A turbulência externa aumentou nos últimos meses. O quanto isso afeta a retomada da economia brasileira?
Tudo depende da gravidade do que vai acontecer. Por ora, há uma apreensão. O comércio internacional vem desacelerando. O Brasil, inclusive, protagoniza uma das tensões geopolíticas, na questão da Amazônia. O quadro faz com que não possamos contar com a demanda externa para acelerar nossa recuperação. É um fator preocupante.
E quais são os impactos da crise na Argentina?
Prejudica muito a indústria. A Argentina é o principal parceiro do Brasil no comércio de produtos manufaturados, principalmente da cadeia automobilística. Toda a situação externa joga para o setor interno a responsabilidade de acelerar a recuperação da economia. Os investimentos de empresas em máquinas e equipamentos, medidos pelo indicador de formação bruta de capital fixo (FBCF), deram passo à frente no segundo trimestre (alta de 3,2%). Agora, é importante que não recuem. O ruído com o governo no setor externo não ajuda a criar ambiente mais propício para retomada consistente dos investimentos. Também é preciso ter linhas de crédito mais acessíveis no país. A aprovação da reforma da Previdência e a melhor comunicação do governo ajudariam a reduzir incertezas, mas não resolveriam toda a equação.

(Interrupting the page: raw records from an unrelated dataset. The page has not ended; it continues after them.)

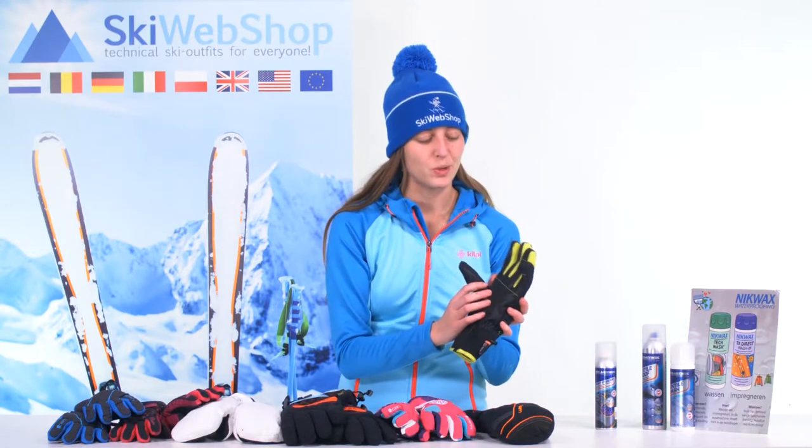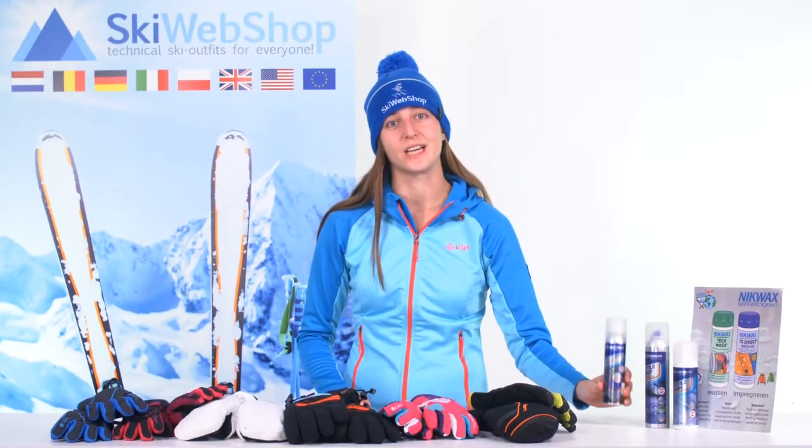Never wash leather gloves or gloves with leather parts. You can use a specific leather cream and a sport hygienic spray for the inside of the gloves. This special spray dispels unpleasant odors.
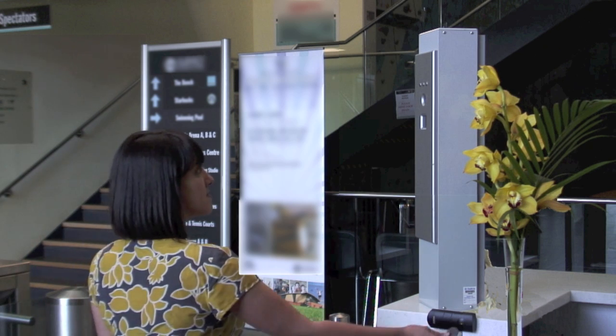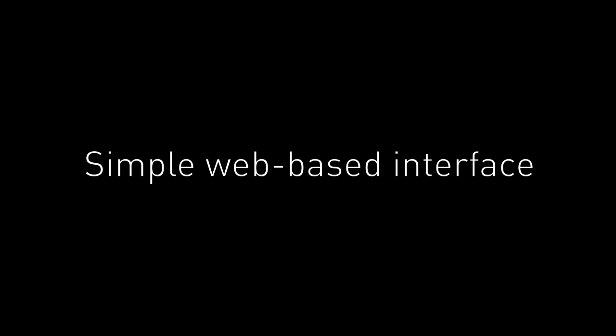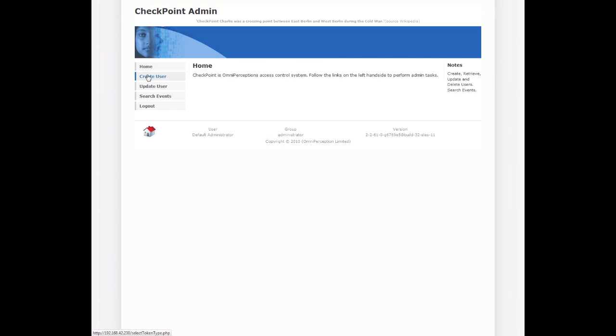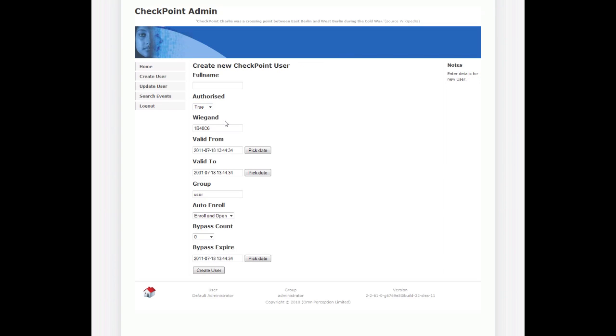Enrollment is as simple as standing in front of the sensor and swiping it over. The web-based user interface is simple to use. To add a new subject, click Create User and Submit. Enter the subject's name or reference number and click Create User.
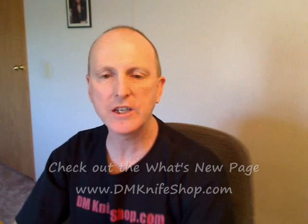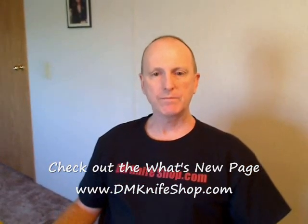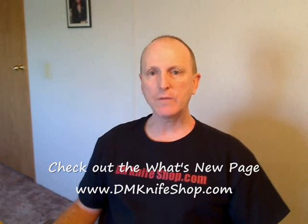These are all posted on vmknifeshop.com. Let me know if you're interested. Have a great day.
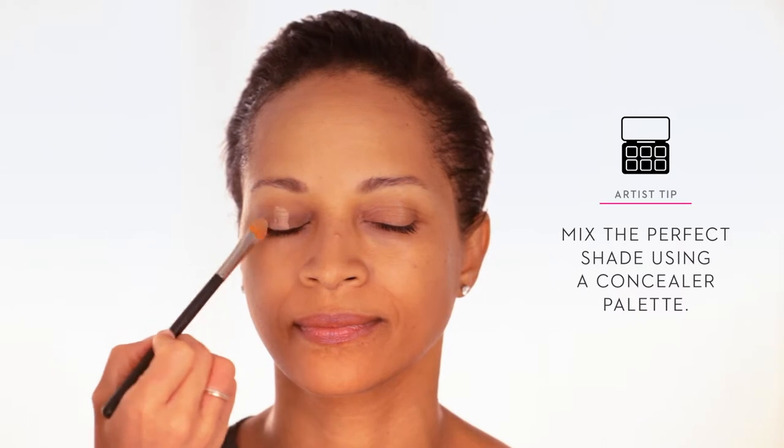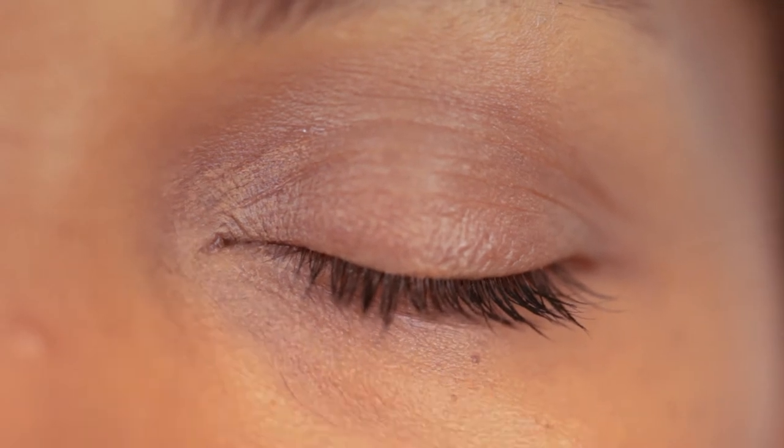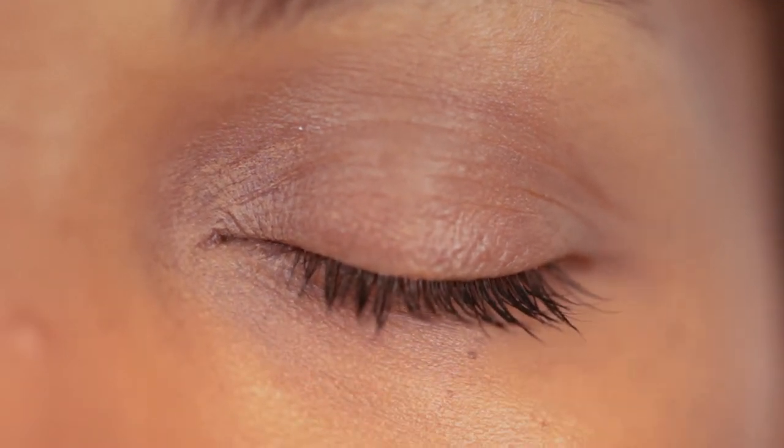Look for a concealer a shade or two lighter than your skin. Apply around the eyes, to the lids, under the eyes, and anywhere else you have uneven tone. Quick and light strokes will ensure even application of the color. Use your finger to help blend.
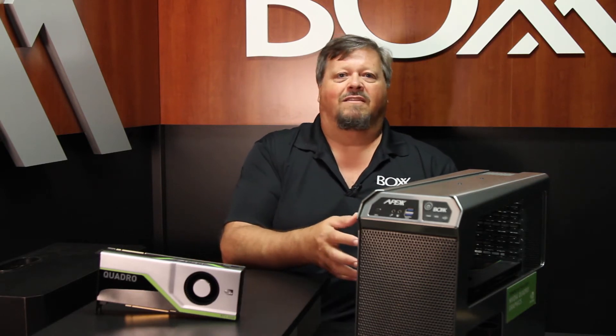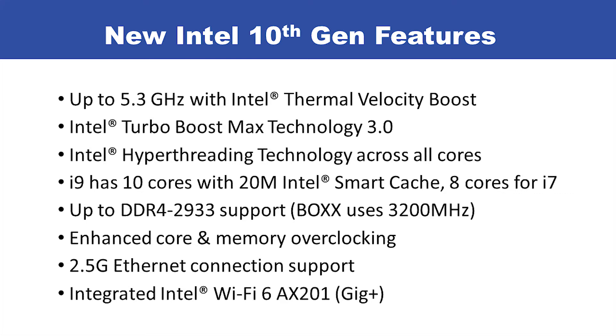So let's start with the Intel 10th Gen. There's a feature called Thermal Velocity Boost. What that means is you're getting up to 5.3 GHz on your turbo boosted cores. It also has hyper-threading technology across all 10 cores. This generation has 10 cores as opposed to 8 cores from the last generation.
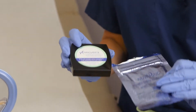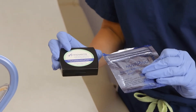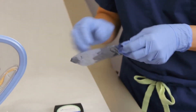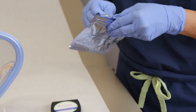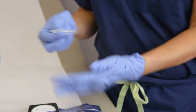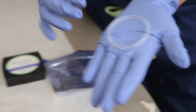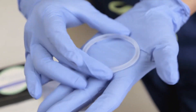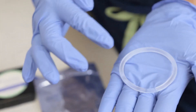Now let me take this NuvaRing out of the package and show it to you. Look at it — it's a very small, soft, flexible ring, and the ring has got hormones in it.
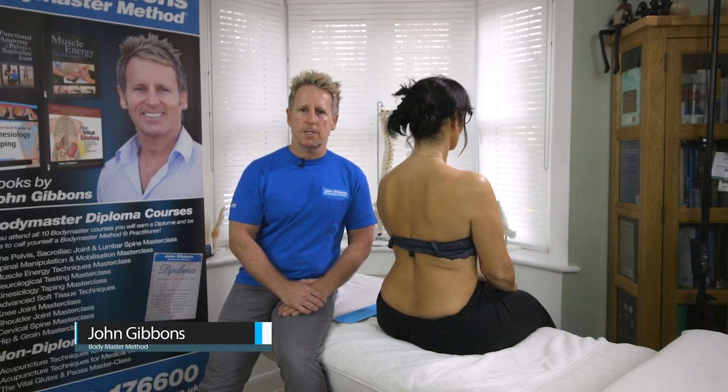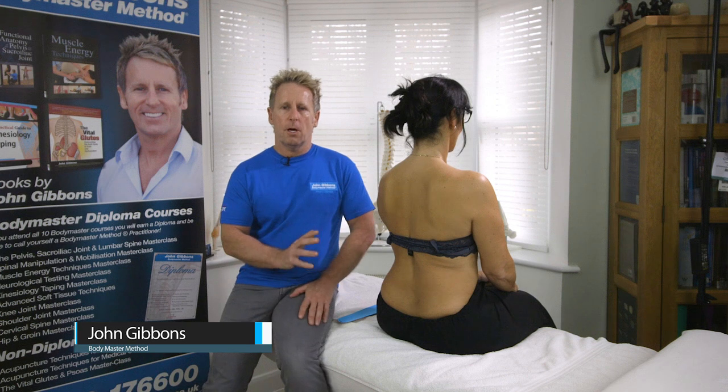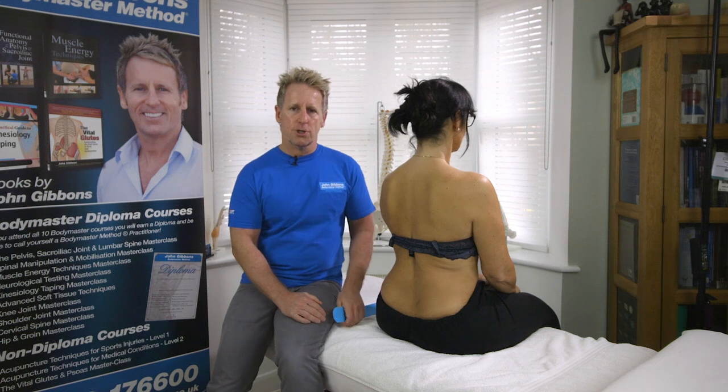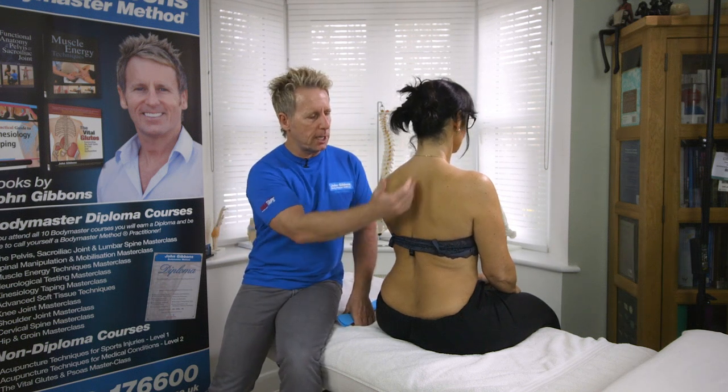Hi, my name is John Gibbons and today I'm going to teach you postural taping using K-tape. I always think sometimes the simple approach is the better approach rather than making it too complex. In other videos I show tape where we apply between the scapula and then two tapes coming down.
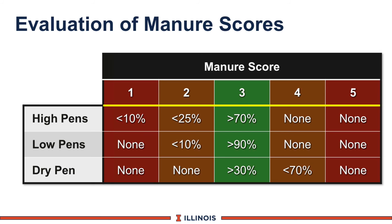When you get to the dry pen, hopefully we see only 3s and 4s. That will vary a bit on the dry cow diet and how quickly the cow was put in the dry cow pen. The guideline: hopefully over 30% 3s and less than 70% 4s.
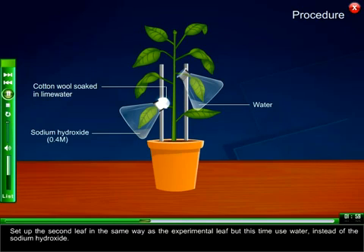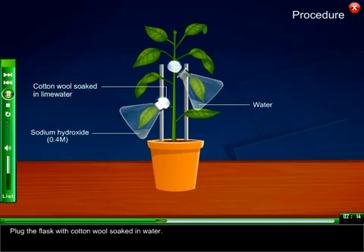Set up the second leaf in the same way as the experimental leaf, but this time use water instead of sodium hydroxide. Plug the flask with cotton wool soaked in water.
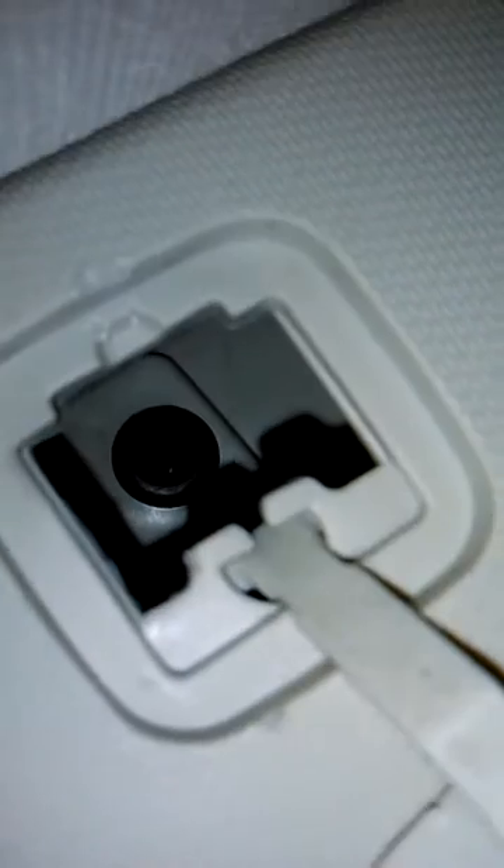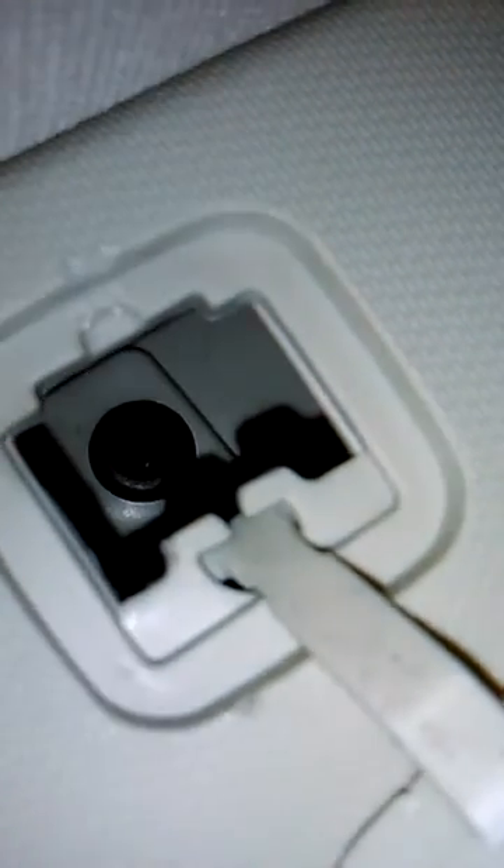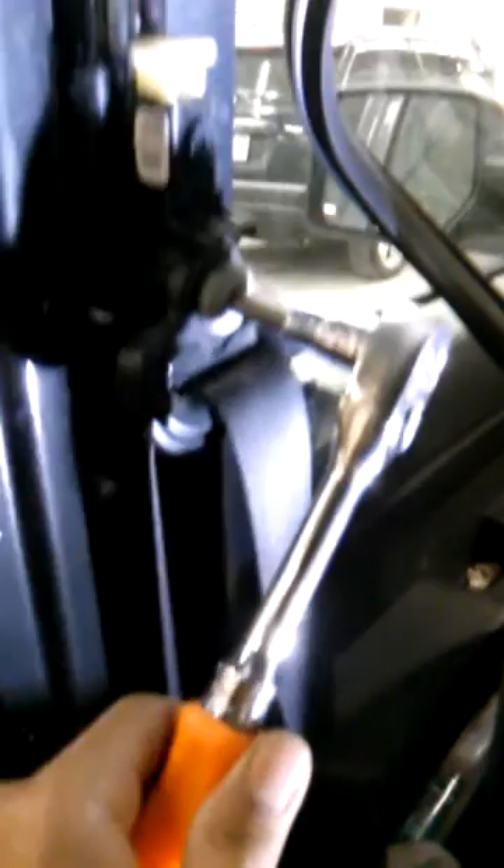As you can see, there's a Phillips screw on the side of there, so just take that out. Now you should be able to remove this panel. Let's remove this using the same Torx bit from last time. Underneath the seatbelt, you want to remove the other Torx bolt, which is right here.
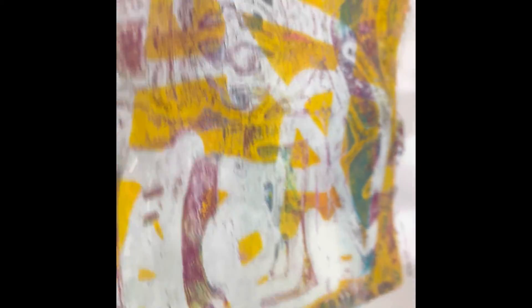Here you see? All the colors that the plate has, and they are transferred to the paper. Thank you for coming. Bye!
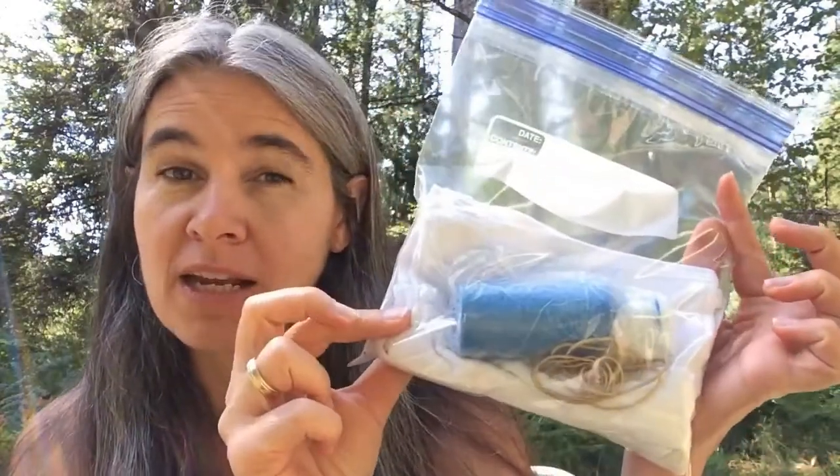Hi, I'm Lisa with Imagine If, and you are at home with Imagine If Libraries. You just got this tie-dye mask kit and now you're wondering what the heck to do with it. Let me show you.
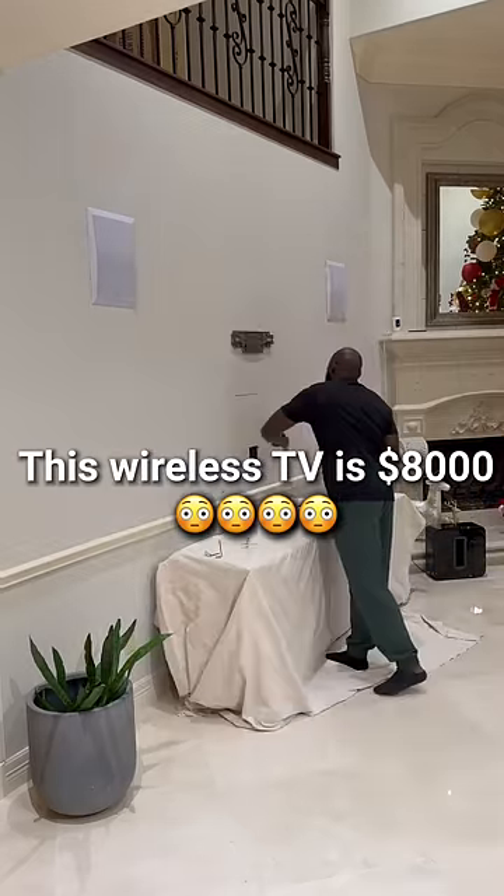This TV we're about to put up is $8,000. We also put our box in the wall to make it completely flat to the wall. Look at that.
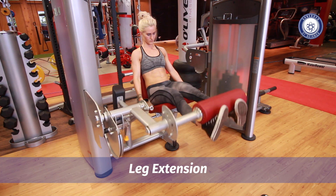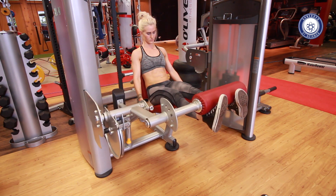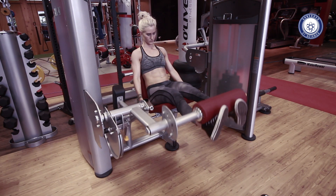The leg extension is an isolation exercise for the quads. To perform this exercise, adjust the seat and the pad on the machine so that the back of your knees are on the edge of the seat and the pad is on the bottom of your shins.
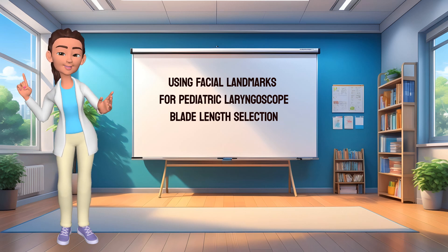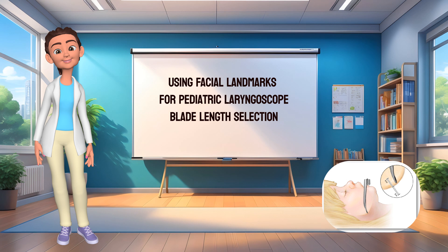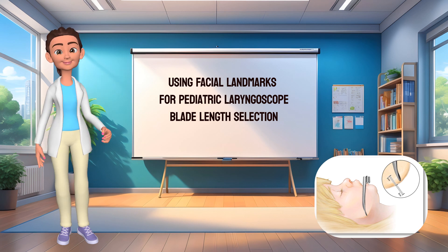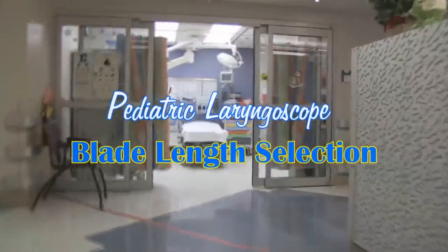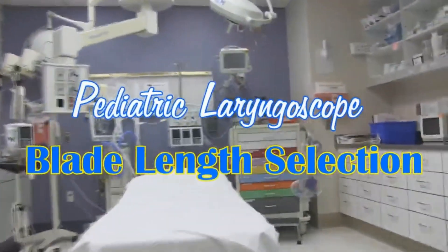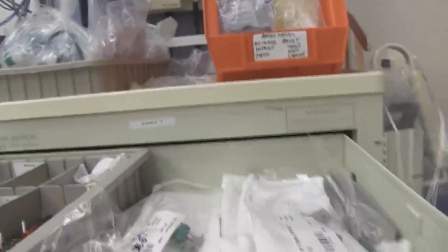Hey everyone, I'm Freya, and Dr. Mellick has asked me to help teach about using facial landmarks to choose the correct pediatric laryngoscope blade length. You have a pediatric trauma coming in — it sounds like a child under three years of age. The child is going to need to be intubated. What is the correct blade length size you will need for your laryngoscope?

O que mais é necessário para que a retomada ganhe fôlego?
O país também precisa de investimentos em infraestrutura, com concessões à iniciativa privada e resgate de investimentos públicos. É preciso encontrar espaço no orçamento. Uma opção ao investimento público é usar parte dos recursos de privatizações para o término de obras que começaram e foram deixadas de lado. Essas obras gerariam demanda para muitos setores da economia e avanços em logística.